The asking of staff happend across various industries in the country according to figures released by trade union Solidarity.
Solidarity’s research shows that employees in the mining industry are hit hardest with 36 companies that have been engaged in retrenchments during the past year, and with 29 261 employees facing retrenchment in the industry. Second worst off is the information and communication technology industry with 8 141 employees at six companies being affected by retrenchments.
In addition, 24 companies in the metal and engineering industry have announced retrenchment processes since April 2015 involving around 7 918 employees, while six companies and 835 employees in the chemical industry have been affected by retrenchments. For a detailed breakdown of the various processes, click here.
Solidarity General Secretary Gideon du Plessis said the number of workers eventually retrenched are but a drop in the ocean in comparison to the number of job opportunities lost in the wake of a formal retrenchment process. “For example, in the mining 1,7 job opportunities are created for every permanent appointment made created. In other words the moment such a person is retrenched, 1,7 jobs are lost. The situation in the manufacturing sector is much worse as four external jobs, including jobs at service providers, contractors and support services, are lost for every permanent job abolished.

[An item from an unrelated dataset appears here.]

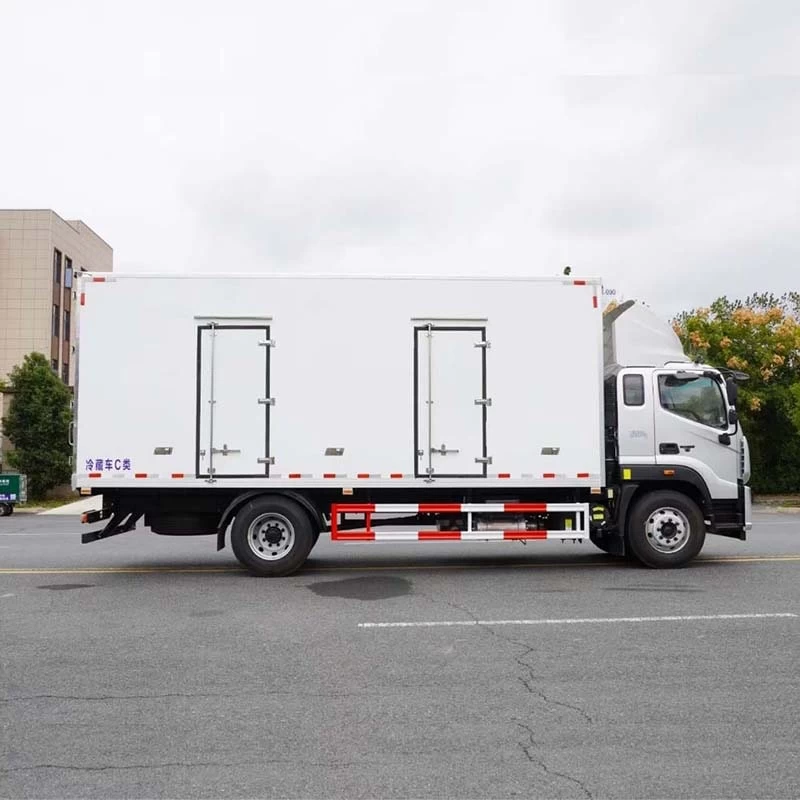 Foton 4x2 Refrigerator Cooling Van Refrigerated Truck Front Side View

Moreover, the number of employees accepting voluntary severance packages is increasing at an alarming rate as many employees have simply reached saturation point with having to work amid such uncertainty,” Du Plessis said.
Solidarity Chief Executive Dr Dirk Hermann says that South Africa is in the midst of an almost perfect storm that is destroying jobs. Moreover, there is no sign that it will subside.
“The major factors that are fuelling the storm include unstable global conditions; Chinese surpluses; weaker local growth prospects; the changed structure of the labour market; and weak commodity prices. Political uncertainty sparked by the Nene debacle and political statements; systemic corruption and weakening investor confidence further contributed to the storm. To make matters worse new empowerment codes with totally unrealistic targets have been unilaterally announced for an already beleaguered mining industry,” Herman said.
Hermann added that in such a crisis the single most important intervention by government is to create a climate of investor and business confidence. “South Africa’s dilemma is that President Jacob Zuma himself has become a symbol of a lack of confidence. As a result it is virtually impossible for government to do the single most important thing to calm the storm, and that is to create confidence,” Hermann said.